Awesome hardscape. I look forward to seeing this tank mature.
The salt water tank is lovely. 
The quality of your photographs is fantastic. What camera do you use?


----------



## jcgilmore2 (Jul 10, 2013)

Grumpy1415 said:


> Awesome hardscape. I look forward to seeing this tank mature.
> The salt water tank is lovely.
> The quality of your photographs is fantastic. What camera do you use?


Thanks a lot!

Right now Im using a slightly older Canon Rebel XTI with just the stock lens. I use a buddies Sony SLT A65 sometimes, waiting to get my hands on it again and do a nice video. 

Heres a video of my old tank I shot with it 

https://www.youtube.com/watch?v=sYZFpdoZ_Zc


----------



## Grumpy1415 (Oct 15, 2013)

Thank you for sharing the camera info and the video. The Sony SLT A65 really provides some nice clarity and color. I like the depth of focus you used and the video editing. It was a beautiful tank.


----------



## jcgilmore2 (Jul 10, 2013)

Grumpy1415 said:


> Thank you for sharing the camera info and the video. The Sony SLT A65 really provides some nice clarity and color. I like the depth of focus you used and the video editing. It was a beautiful tank.


Thanks!


----------



## jcgilmore2 (Jul 10, 2013)

Ordered some rotala indica true ammania sp bonsai, Limno aromatica, Rotala sp green, ludwigia tornado and some didiplis diandra.... should be here in the next few days.

Sp green is the only one I've kept, hoping the rest aren't too difficult. Especially the tornado seeing that it's somewhat rare and expensive.


----------



## beedee (Jul 1, 2010)

Ember Tetras or Green Neon Tetras would be cool. I have had CPD's in the past and was disappointed with how shy they were. I currently have 12 Ember Tetras and 10 Sundadanio Axelrodi in my 12g Long, they are rad! The contrast between the two different fish is awesome, great coloring on both species.

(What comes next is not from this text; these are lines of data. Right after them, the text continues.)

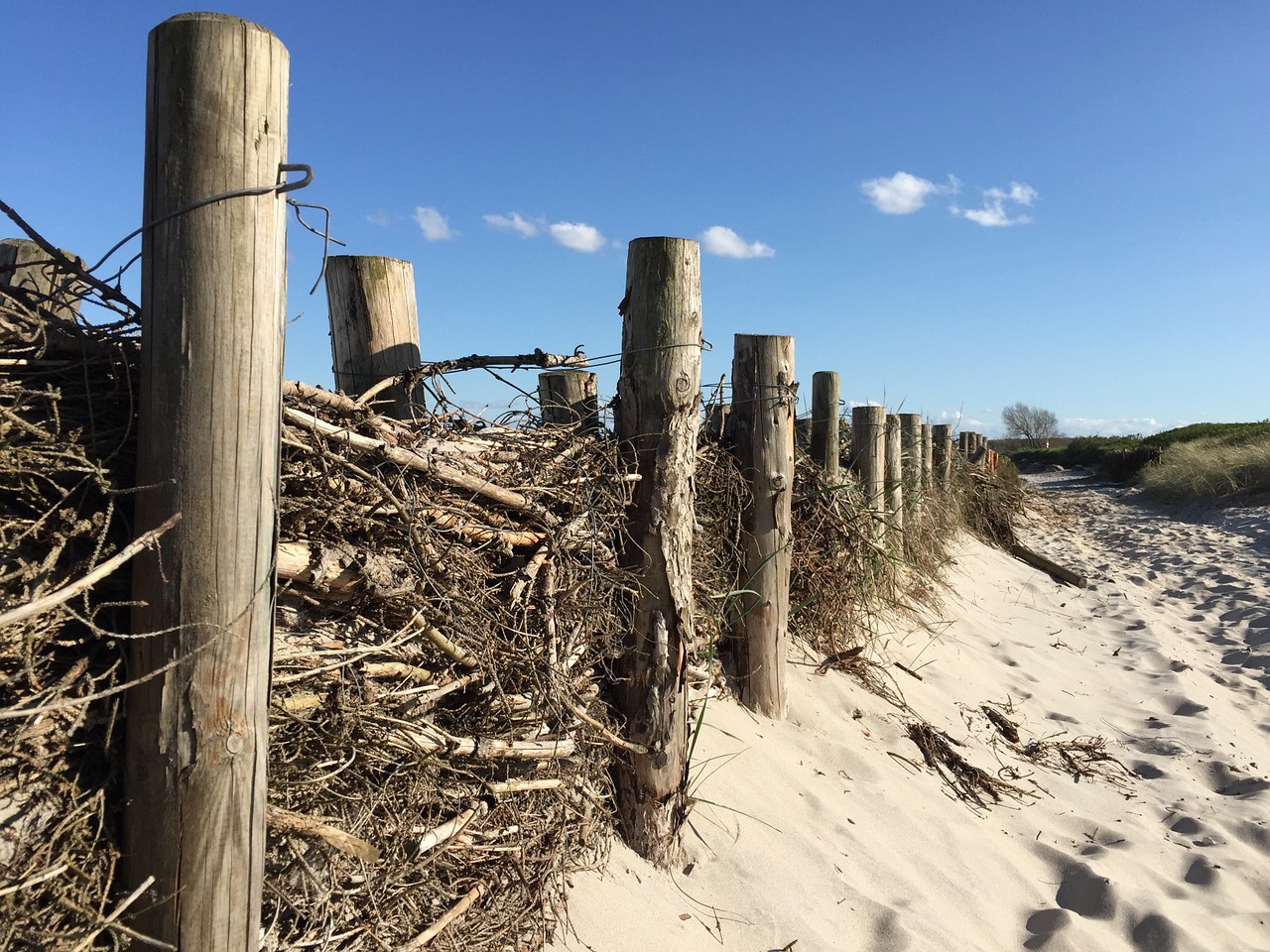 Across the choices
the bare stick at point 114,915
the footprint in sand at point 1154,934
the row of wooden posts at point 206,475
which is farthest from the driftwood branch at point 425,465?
the footprint in sand at point 1154,934

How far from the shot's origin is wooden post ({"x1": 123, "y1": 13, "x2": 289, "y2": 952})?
6.66ft

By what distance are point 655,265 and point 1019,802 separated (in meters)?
3.29

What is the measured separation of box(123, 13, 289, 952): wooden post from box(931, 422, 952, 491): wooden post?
30.3 ft

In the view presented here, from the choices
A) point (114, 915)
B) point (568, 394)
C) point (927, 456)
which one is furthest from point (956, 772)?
point (927, 456)

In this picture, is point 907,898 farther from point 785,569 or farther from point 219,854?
point 219,854

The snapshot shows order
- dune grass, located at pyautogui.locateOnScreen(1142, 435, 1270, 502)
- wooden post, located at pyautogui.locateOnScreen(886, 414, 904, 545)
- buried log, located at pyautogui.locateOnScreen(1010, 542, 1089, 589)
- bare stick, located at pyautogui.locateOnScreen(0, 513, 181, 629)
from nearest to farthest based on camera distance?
bare stick, located at pyautogui.locateOnScreen(0, 513, 181, 629)
wooden post, located at pyautogui.locateOnScreen(886, 414, 904, 545)
buried log, located at pyautogui.locateOnScreen(1010, 542, 1089, 589)
dune grass, located at pyautogui.locateOnScreen(1142, 435, 1270, 502)

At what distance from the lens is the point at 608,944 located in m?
2.92

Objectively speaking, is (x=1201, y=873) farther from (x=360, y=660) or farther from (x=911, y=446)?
(x=911, y=446)

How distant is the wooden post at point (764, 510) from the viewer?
4355mm

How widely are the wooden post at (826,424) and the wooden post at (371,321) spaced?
10.2 feet

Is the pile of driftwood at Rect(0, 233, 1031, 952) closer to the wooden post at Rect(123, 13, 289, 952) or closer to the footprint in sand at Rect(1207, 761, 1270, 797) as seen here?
the wooden post at Rect(123, 13, 289, 952)

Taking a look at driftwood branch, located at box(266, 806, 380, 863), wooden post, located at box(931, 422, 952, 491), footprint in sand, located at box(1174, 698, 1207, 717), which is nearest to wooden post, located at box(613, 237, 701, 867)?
driftwood branch, located at box(266, 806, 380, 863)

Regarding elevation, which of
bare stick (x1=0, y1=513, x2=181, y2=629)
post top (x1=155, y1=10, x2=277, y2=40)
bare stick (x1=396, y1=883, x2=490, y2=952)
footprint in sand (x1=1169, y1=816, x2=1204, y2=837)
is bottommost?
footprint in sand (x1=1169, y1=816, x2=1204, y2=837)

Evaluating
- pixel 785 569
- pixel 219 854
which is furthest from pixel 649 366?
pixel 219 854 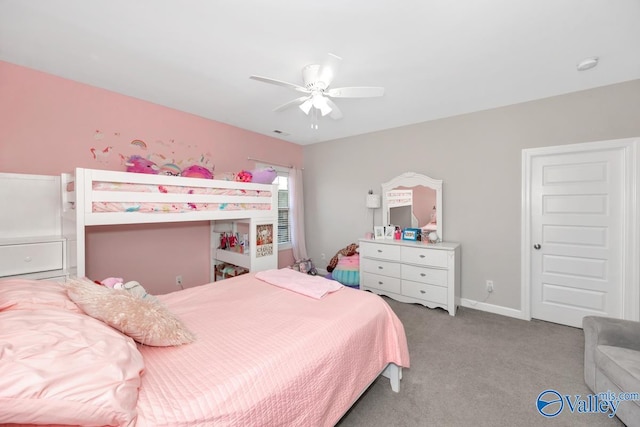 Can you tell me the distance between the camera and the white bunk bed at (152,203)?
192 cm

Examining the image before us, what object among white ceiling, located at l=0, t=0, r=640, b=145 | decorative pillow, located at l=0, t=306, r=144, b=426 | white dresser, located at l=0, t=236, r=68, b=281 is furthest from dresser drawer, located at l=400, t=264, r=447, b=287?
white dresser, located at l=0, t=236, r=68, b=281

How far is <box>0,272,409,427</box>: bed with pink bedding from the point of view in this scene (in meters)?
0.74

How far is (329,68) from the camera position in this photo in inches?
74.1

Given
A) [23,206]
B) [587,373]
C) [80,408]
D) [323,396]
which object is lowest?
[587,373]

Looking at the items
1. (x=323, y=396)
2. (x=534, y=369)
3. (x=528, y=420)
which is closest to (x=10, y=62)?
(x=323, y=396)

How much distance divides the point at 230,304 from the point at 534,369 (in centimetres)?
243

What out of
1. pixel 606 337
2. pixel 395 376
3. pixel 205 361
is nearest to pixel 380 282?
pixel 395 376

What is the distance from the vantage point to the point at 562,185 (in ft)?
9.16

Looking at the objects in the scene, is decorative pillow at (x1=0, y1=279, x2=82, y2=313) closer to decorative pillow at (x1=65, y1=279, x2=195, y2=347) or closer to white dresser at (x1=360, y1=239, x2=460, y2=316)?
decorative pillow at (x1=65, y1=279, x2=195, y2=347)

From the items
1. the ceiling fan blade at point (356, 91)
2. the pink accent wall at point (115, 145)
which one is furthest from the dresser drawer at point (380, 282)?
the ceiling fan blade at point (356, 91)

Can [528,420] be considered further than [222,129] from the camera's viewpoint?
No

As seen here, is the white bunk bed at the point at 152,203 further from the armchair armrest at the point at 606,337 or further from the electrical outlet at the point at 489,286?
the armchair armrest at the point at 606,337

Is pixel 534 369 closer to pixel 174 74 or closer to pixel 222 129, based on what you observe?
pixel 174 74

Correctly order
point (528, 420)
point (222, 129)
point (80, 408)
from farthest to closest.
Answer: point (222, 129) → point (528, 420) → point (80, 408) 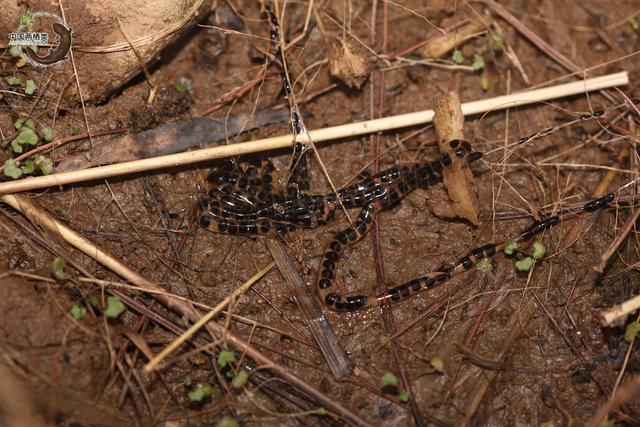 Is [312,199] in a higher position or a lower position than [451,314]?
higher

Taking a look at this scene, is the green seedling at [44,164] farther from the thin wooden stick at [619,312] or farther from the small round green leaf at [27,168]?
the thin wooden stick at [619,312]

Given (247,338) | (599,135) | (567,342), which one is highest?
(599,135)

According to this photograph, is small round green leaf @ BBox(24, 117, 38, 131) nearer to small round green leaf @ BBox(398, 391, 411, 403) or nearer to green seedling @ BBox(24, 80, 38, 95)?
green seedling @ BBox(24, 80, 38, 95)

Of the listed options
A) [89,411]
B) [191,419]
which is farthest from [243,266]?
[89,411]

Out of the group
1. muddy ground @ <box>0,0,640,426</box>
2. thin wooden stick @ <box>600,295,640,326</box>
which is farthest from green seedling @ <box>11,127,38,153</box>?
thin wooden stick @ <box>600,295,640,326</box>

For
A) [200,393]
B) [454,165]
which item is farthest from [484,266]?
[200,393]

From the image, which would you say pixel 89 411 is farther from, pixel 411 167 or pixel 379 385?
pixel 411 167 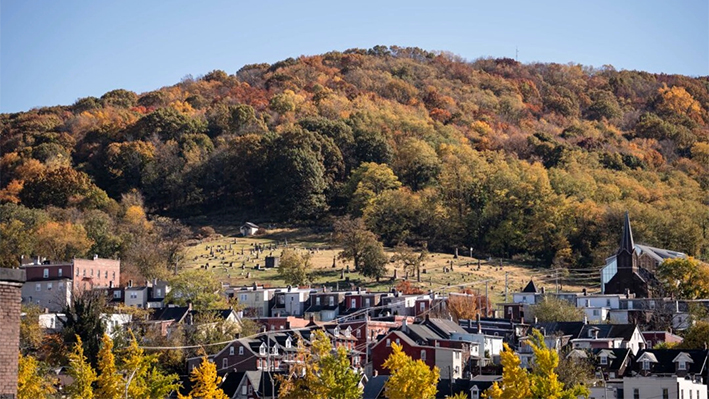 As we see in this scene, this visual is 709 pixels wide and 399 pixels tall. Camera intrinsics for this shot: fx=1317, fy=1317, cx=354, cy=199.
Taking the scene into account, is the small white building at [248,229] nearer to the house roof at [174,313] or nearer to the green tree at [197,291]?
the green tree at [197,291]

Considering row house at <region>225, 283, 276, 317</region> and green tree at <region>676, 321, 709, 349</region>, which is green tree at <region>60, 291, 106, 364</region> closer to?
row house at <region>225, 283, 276, 317</region>

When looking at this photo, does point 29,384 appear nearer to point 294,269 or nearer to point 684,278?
point 294,269

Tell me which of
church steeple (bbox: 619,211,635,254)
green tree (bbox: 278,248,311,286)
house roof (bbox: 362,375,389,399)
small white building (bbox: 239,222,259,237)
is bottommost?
house roof (bbox: 362,375,389,399)

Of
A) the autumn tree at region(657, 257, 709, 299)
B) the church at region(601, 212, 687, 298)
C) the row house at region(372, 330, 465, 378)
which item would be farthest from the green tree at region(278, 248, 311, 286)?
the row house at region(372, 330, 465, 378)

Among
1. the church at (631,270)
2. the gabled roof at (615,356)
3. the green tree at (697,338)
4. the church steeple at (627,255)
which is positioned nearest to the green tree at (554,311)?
the green tree at (697,338)

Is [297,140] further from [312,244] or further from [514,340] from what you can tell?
[514,340] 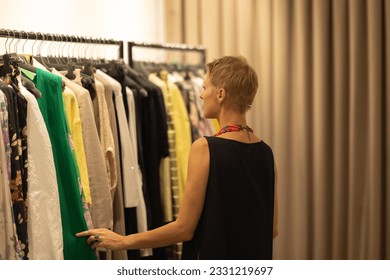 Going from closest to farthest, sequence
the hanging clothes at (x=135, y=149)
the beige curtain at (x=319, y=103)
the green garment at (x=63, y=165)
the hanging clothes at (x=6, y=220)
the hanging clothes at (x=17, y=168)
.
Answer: the hanging clothes at (x=6, y=220) < the hanging clothes at (x=17, y=168) < the green garment at (x=63, y=165) < the hanging clothes at (x=135, y=149) < the beige curtain at (x=319, y=103)

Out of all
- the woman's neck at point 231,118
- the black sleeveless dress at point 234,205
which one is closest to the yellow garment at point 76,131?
the black sleeveless dress at point 234,205

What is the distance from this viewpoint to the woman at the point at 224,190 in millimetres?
2166

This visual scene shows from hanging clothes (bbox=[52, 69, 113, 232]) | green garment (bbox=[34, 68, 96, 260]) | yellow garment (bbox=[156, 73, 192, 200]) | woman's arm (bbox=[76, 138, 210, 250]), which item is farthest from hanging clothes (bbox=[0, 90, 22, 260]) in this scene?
yellow garment (bbox=[156, 73, 192, 200])

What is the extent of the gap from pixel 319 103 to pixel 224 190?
6.31 feet

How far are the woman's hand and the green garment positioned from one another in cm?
3

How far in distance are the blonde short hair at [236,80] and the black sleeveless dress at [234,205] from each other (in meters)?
0.15

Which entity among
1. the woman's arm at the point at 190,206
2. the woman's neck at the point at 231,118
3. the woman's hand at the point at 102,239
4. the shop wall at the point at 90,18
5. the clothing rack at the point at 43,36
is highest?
the shop wall at the point at 90,18

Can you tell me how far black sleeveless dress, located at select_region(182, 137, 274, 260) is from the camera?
2172mm

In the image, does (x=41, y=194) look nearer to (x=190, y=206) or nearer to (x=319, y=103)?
(x=190, y=206)

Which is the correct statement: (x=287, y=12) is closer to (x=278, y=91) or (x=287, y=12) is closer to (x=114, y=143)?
(x=278, y=91)

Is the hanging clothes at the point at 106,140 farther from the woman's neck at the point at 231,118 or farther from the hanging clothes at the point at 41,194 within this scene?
the woman's neck at the point at 231,118

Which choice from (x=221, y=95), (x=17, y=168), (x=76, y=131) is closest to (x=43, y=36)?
(x=76, y=131)

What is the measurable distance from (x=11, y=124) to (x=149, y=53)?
84.1 inches

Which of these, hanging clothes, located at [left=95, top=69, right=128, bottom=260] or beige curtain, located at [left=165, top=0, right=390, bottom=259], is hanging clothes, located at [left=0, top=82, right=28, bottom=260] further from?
beige curtain, located at [left=165, top=0, right=390, bottom=259] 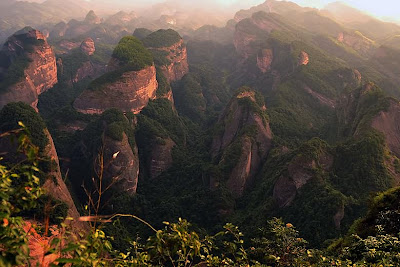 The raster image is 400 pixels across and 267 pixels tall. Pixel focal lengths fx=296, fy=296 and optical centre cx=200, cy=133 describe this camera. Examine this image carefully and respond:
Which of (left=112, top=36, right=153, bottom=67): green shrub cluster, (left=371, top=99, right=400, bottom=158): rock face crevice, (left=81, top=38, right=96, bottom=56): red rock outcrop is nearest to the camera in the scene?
(left=371, top=99, right=400, bottom=158): rock face crevice

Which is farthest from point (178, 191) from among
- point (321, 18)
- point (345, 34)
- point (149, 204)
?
point (321, 18)

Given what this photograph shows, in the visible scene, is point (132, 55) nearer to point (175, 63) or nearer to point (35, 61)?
point (35, 61)

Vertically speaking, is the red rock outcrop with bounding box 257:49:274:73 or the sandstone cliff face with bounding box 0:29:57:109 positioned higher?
the red rock outcrop with bounding box 257:49:274:73

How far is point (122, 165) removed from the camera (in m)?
62.7

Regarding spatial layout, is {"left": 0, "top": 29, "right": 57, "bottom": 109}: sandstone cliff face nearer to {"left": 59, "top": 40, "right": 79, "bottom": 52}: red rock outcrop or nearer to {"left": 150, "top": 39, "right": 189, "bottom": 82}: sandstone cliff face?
{"left": 150, "top": 39, "right": 189, "bottom": 82}: sandstone cliff face

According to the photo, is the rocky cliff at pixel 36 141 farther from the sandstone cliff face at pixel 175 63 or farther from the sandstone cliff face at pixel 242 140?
the sandstone cliff face at pixel 175 63

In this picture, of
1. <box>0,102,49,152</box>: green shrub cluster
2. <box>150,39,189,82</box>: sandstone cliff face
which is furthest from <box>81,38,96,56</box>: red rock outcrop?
<box>0,102,49,152</box>: green shrub cluster

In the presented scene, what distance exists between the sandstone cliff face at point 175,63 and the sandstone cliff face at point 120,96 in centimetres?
Result: 3058

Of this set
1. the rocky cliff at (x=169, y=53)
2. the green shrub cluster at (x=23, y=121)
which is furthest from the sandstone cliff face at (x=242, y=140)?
the rocky cliff at (x=169, y=53)

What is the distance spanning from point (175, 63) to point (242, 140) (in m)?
74.6

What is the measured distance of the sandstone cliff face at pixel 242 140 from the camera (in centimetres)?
6009

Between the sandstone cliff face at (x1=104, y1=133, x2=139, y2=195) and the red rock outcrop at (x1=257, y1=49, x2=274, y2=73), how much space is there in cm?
8520

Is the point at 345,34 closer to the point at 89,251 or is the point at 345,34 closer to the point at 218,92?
the point at 218,92

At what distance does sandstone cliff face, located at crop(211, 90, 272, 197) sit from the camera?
60091 mm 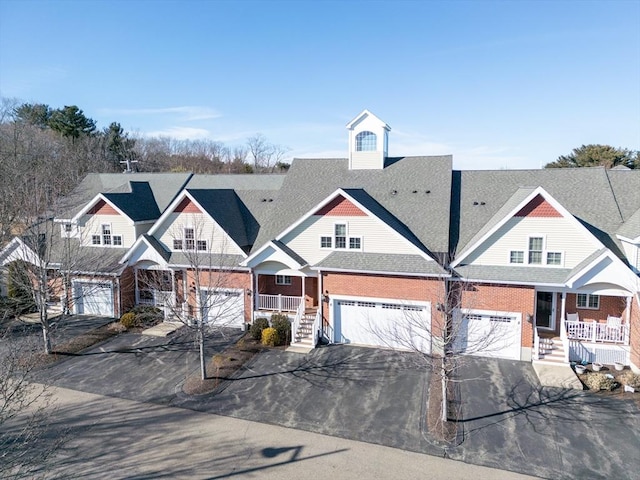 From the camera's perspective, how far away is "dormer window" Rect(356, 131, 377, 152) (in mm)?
25594

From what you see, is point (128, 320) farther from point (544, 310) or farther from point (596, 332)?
point (596, 332)

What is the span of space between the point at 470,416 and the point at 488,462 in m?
2.43

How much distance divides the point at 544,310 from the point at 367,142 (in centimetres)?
1371

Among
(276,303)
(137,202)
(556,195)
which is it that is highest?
(556,195)

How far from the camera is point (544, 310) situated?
20.7m

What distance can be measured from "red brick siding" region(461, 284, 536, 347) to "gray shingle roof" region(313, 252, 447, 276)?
1687 mm

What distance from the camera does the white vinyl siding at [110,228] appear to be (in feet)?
85.2

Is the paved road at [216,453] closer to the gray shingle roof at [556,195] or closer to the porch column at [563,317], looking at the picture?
the porch column at [563,317]

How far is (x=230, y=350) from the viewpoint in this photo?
66.0ft

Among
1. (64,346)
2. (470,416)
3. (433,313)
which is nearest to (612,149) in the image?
(433,313)

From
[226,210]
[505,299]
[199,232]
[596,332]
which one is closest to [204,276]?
[199,232]

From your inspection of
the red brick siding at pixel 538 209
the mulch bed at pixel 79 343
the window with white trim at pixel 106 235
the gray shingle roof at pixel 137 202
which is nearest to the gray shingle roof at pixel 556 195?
the red brick siding at pixel 538 209

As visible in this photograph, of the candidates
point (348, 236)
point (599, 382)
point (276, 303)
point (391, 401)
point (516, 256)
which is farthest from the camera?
point (276, 303)

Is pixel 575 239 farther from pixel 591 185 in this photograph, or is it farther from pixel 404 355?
pixel 404 355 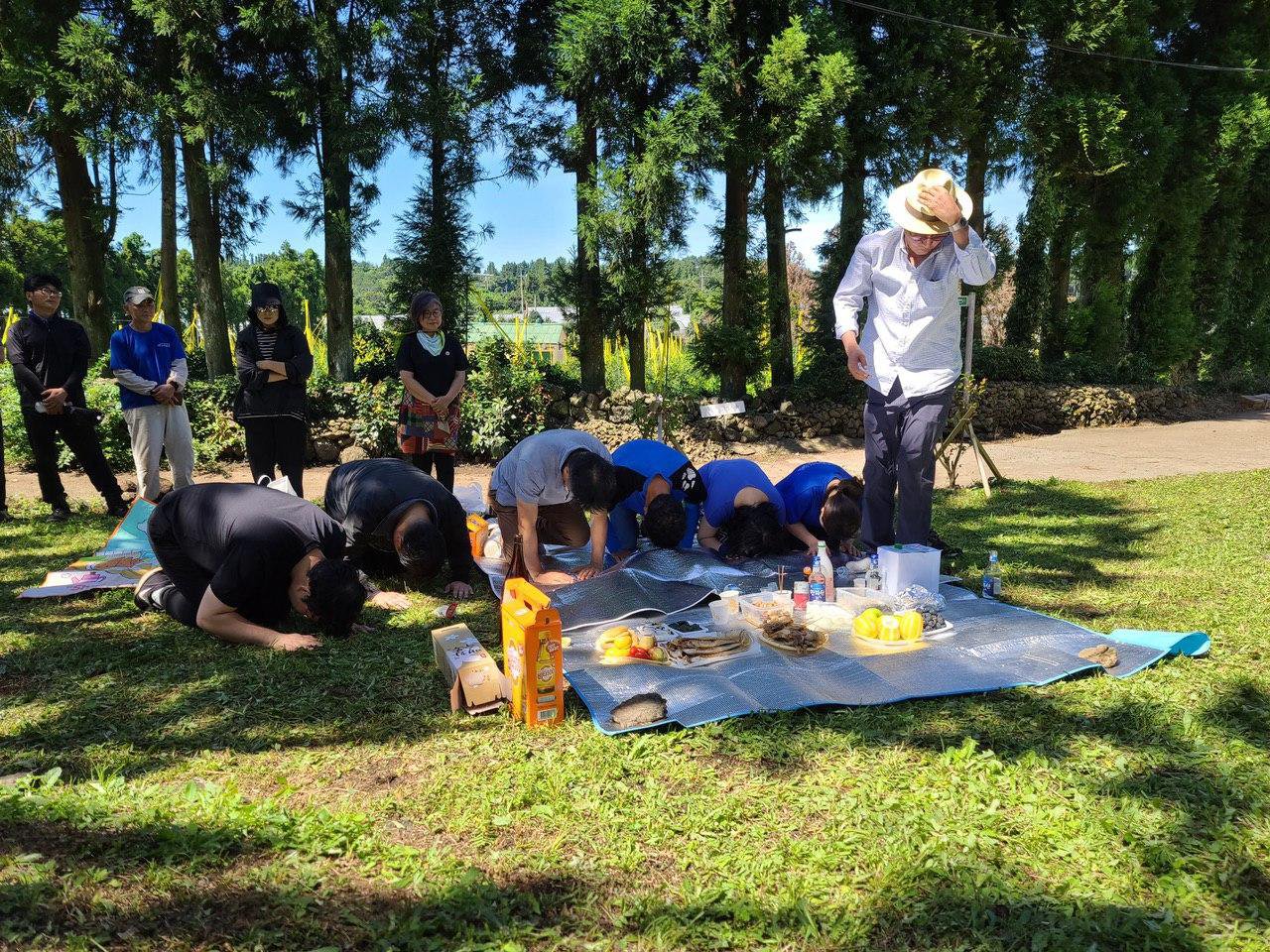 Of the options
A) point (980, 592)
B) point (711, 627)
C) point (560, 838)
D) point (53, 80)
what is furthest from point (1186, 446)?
point (53, 80)

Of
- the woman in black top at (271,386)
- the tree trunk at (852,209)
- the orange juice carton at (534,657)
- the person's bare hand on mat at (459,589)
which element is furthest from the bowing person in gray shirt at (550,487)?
the tree trunk at (852,209)

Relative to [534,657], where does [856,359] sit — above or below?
above

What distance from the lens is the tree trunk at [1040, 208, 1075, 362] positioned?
50.8 feet

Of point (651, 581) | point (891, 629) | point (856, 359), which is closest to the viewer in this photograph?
point (891, 629)

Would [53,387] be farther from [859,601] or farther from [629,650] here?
[859,601]

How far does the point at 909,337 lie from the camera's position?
4.64 meters

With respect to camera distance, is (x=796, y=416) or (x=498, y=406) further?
(x=796, y=416)

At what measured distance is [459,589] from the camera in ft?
15.1

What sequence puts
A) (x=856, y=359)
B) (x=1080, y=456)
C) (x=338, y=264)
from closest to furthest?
(x=856, y=359)
(x=338, y=264)
(x=1080, y=456)

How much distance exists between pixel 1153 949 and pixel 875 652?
176 centimetres

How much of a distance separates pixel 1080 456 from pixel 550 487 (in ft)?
28.3

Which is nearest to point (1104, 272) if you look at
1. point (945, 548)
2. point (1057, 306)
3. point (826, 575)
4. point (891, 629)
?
point (1057, 306)

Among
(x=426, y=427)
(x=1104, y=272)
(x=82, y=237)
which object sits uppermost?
(x=82, y=237)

I also have a degree in Graphic Design and have been working in advertising since '99.


----------



## jcgilmore2 (Jul 10, 2013)

beedee said:


> Ember Tetras or Green Neon Tetras would be cool. I have had CPD's in the past and was disappointed with how shy they were. I currently have 12 Ember Tetras and 10 Sundadanio Axelrodi in my 12g Long, they are rad! The contrast between the two different fish is awesome, great coloring on both species.
> 
> I also have a degree in Graphic Design and have been working in advertising since '99.


Nice! Still freelancing until I decide where I want to move, or find a job somewhere I can't pass up. Who knows what will happen.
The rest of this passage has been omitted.